Which LLM for real-time applications in June 2026?
Gemini 3.5 Flash leads at 216 tok/s for sub-second responses. GPT-5.4 and GLM 5.2 are alternatives when quality or cost matter more than peak speed.
For real-time applications, Gemini 3.5 Flash (Google) is the default choice. It generates 216 tokens per second at $3.38 per million input tokens with a quality index of 50.2, the fastest model in the field by a wide margin.

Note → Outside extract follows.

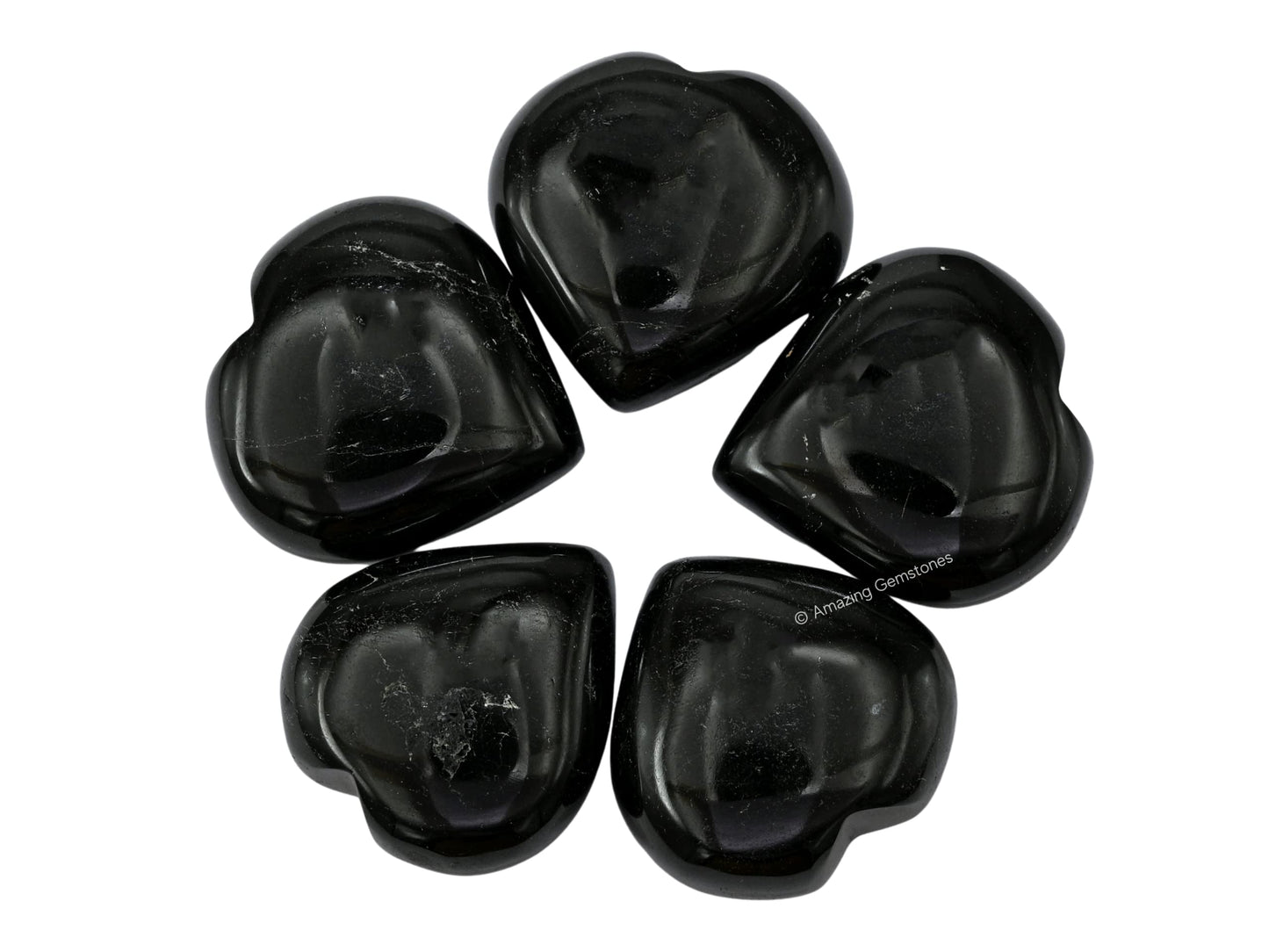 Amazing Gemstone Natural Black Tourmaline Crystal Heart Palm Stone - Pocket Massage Worry Stone for Natural Body Chakra Balancing, Reiki Healing and Crystal Grid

Use GPT-5.4 (OpenAI) when response quality matters more than peak speed, or GLM 5.2 (Z AI) when you need an open-source deployment.
What speed numbers mean operationally
Latency in real-time apps comes from two places: time to first token, and sustained generation rate. At 200+ tok/s, a 300-token reply finishes in under 1.5 seconds, fast enough for voice agents, chat overlays, and live autocomplete. At 150 tok/s, you see a perceptible pause. Below 100 tok/s, the interaction starts to feel broken for users expecting instant feedback.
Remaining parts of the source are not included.